The main drawback of JetBrains MPS is that it is a desktop application designed for developers. It has a UI that looks complex and daunting to non-developers and it is not easily integrated into command-line workflows or the web. We are actually working with the JetBrains MPS community to support a web use of MPS, but the work is still in progress.

The other significant drawback is that it is a standalone system. Your users will need to run JetBrains MPS in some way or another to use any language you are going to define. It is opensource, but is quite complex and designed to work as-is. It is not easy to integrate with other code.

Alternative Language WorkBenches

An alternative Language Workbench is Spoofax, you can read it more in our Spoofax tutorial. It is widely used and adopted in industrial applications. Its main drawback might be that it is based upon Eclipse, which is a platform with a lot of admirers, but it is less polished than an IDE from JetBrains or Visual Studio.

Xtext is also a popular Language Workbench based on Eclipse and EMF, the worst way to describe it is a set of plugins for Eclipse that transform it into an IDE to create languages. The best way is from their website:

Xtext is a framework for development of programming languages and domain-specific languages. With Xtext you define your language using a powerful grammar language. As a result, you get a full infrastructure, including parser, linker, typechecker, compiler as well as editing support for Eclipse, any editor that supports the Language Server Protocol and your favorite web browser

Essentially Xtext is a complete tool for creating programming languages, based on open-source software. The neat advantage of Xtext is that it is an open system, you can create a language with Xtext and then integrate it with the rest of your codebase, as you wish.

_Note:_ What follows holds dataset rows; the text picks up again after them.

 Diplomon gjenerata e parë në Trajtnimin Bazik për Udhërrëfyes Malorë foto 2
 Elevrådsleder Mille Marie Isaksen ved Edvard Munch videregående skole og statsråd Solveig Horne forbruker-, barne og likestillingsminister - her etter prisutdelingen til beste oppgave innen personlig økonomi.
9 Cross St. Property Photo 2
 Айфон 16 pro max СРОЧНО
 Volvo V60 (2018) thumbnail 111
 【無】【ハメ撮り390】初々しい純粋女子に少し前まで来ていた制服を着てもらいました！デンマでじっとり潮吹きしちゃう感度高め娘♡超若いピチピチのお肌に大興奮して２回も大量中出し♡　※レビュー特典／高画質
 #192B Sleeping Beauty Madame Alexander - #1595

A tool similar in spirit to Xtext is Langium. They are both built upon open-source libraries and tools: Xtext is built upon Eclipse and ANTLR, while Langium is built upon Visual Code and Chevrotain. The difference is that Langium aids you in creating quicker individual, simple languages and that is all in TypeScript to be easily integrated with Visual Code. This makes it a great choice for web or cross-platform projects.

A different option is MetaEdit+, it is a commercial language workbench, so it is designed for companies. The interesting thing is that it was created to provide the tooling to customers who already know the domain to formalize it into a language. So, it is a tool to make it easier for domain experts to perform the work of a language engineer. In particular, it caters to companies working on well-defined products.

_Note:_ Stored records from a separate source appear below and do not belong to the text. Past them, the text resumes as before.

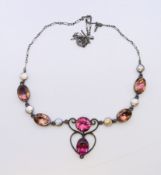 An Art Nouveau necklace. 40 cm long.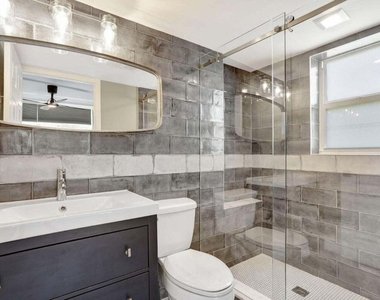 7800 Nw 18th Street - Photo Thumbnail 11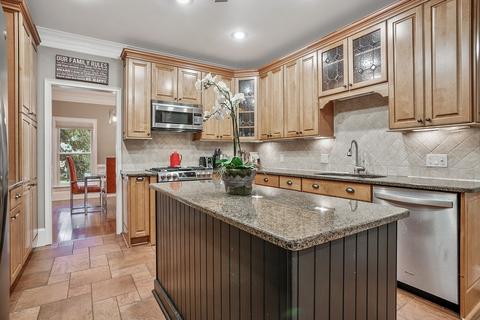 5240 Overbend Trl, Suwanee, GA 30024 photo 18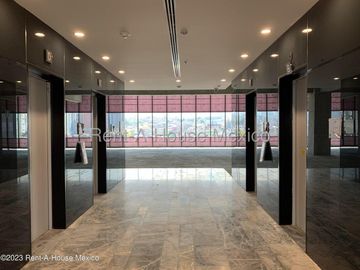 Venta de Oficina en Obra Gris en Hacienda de Las Palmas / Huixquilucan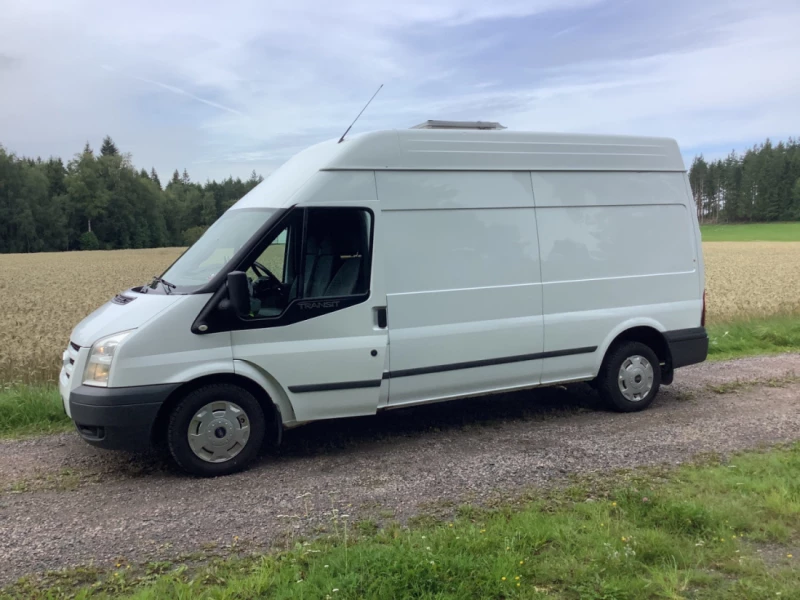Ford Transit Van 2.2 TDCi Campingbus - Jönköping, Schweden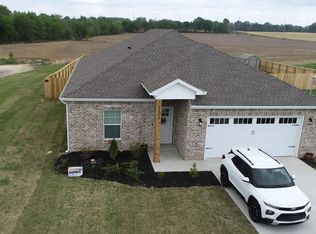 2124 Crowne Hts, Newbern, TN 38059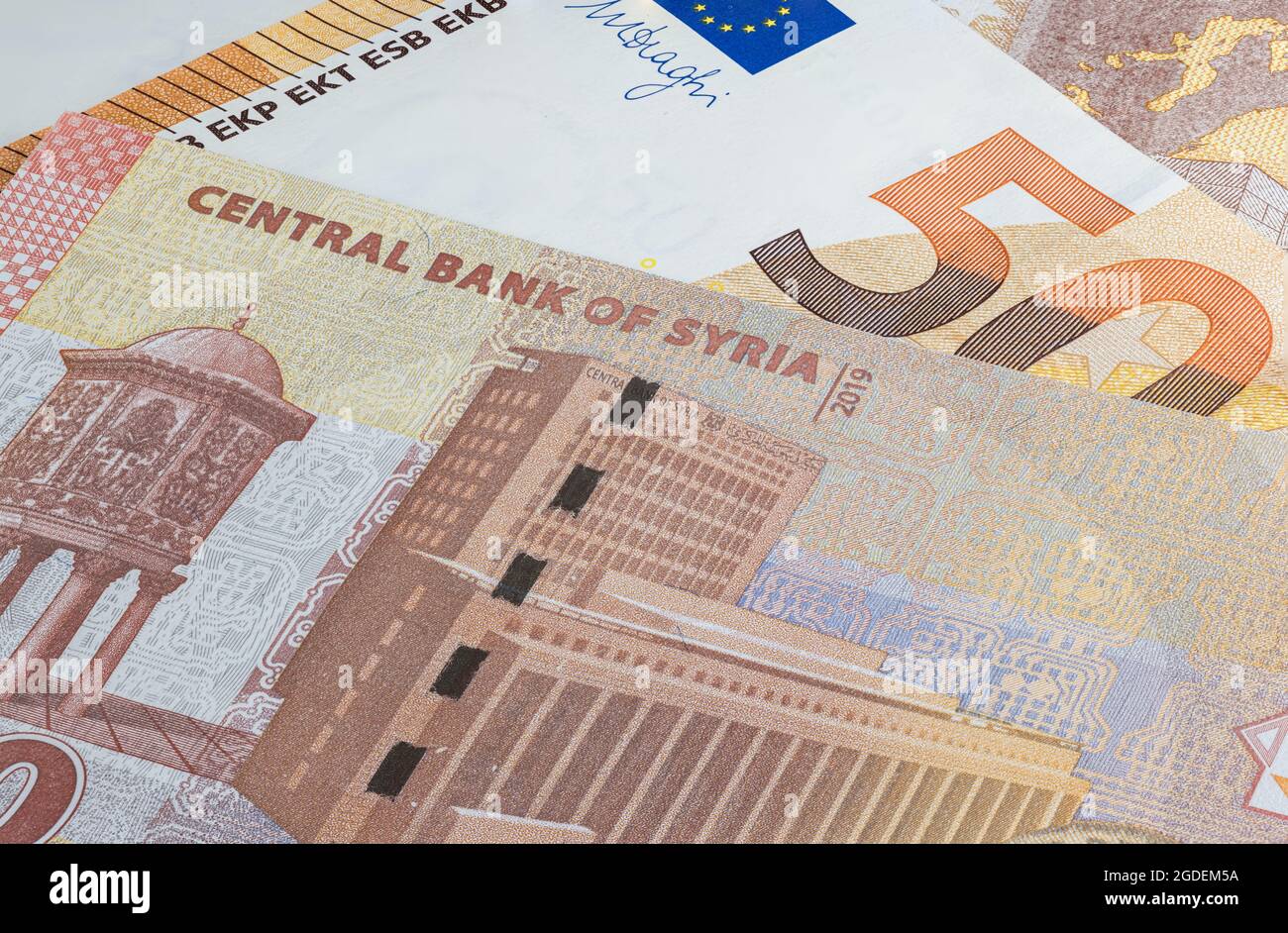Sterlina siriana o lira insieme alle banconote in euro. Denaro del paese arabo. Primo piano sfondo dettagliato denaro. Banconote della batteria Foto Stock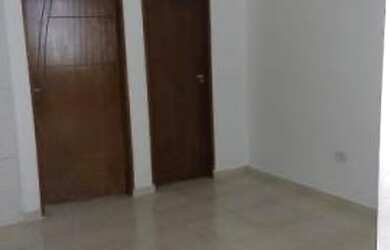 Imagem: A casa em condomínio possui 1 Dormitório, 1 Banheiro, 40m²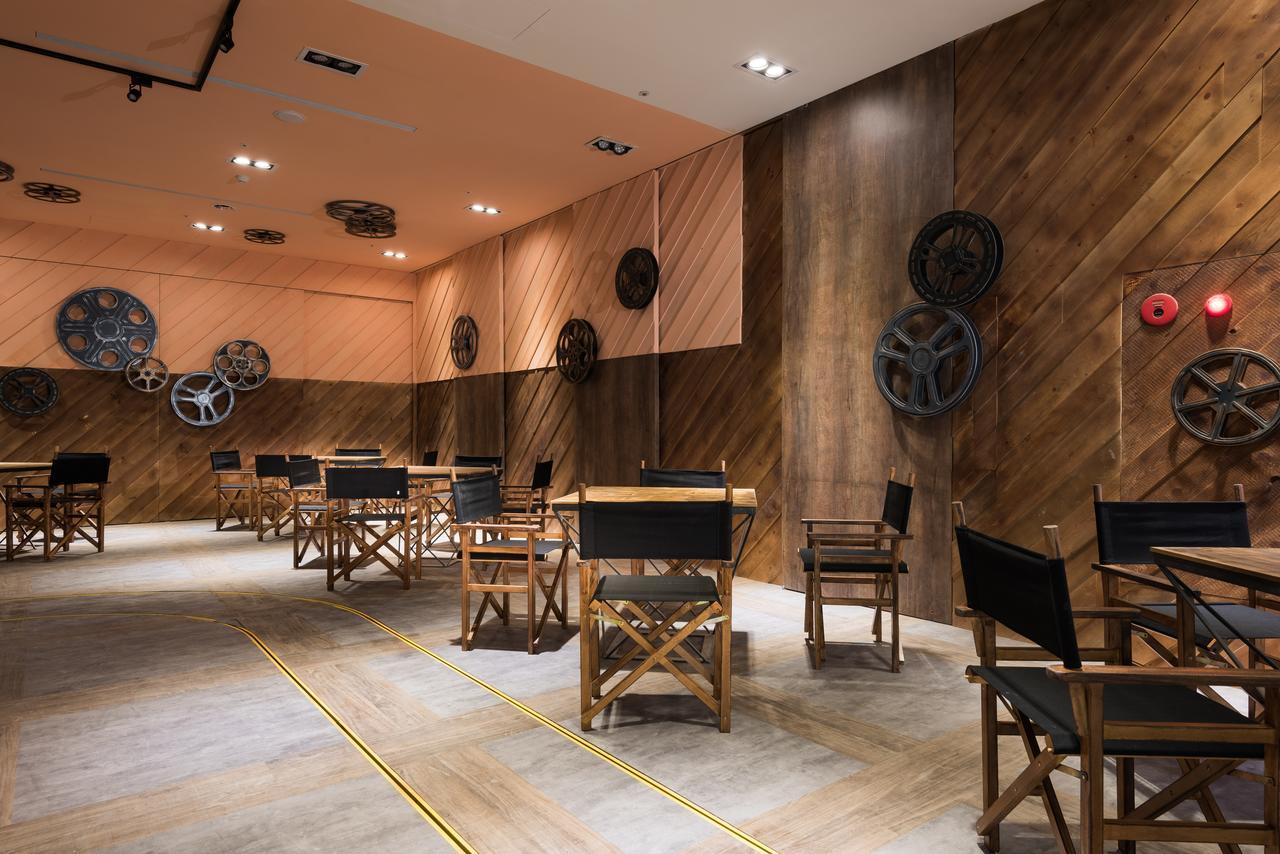 Hotel Half Taichung Exterior photo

It is a nice example of what language engineering can do for people that are not language engineers. We have interviewed Juha-Pekka Tolvanen, one of the people behind MetaEdit+, so you may watch that interview to learn more about MetaEdit+.

If you are interested in starting slow with language workbenches, you might want to start with textX. It is essentially a suite of Python modules that come together to create a simple but functional language workbench to create languages from Python. It can only be used from Python, but it is easy to start. You can read our tutorial: Quick Domain-Specific Languages in Python with textX.

Summary

We have seen how to get into the fascinating field of Language Engineering: how to start, a map of the main topics, and the tools you can use. We hoped to have succeeded in transforming an abstract topic into a series of understandable topics that can help you navigate the field.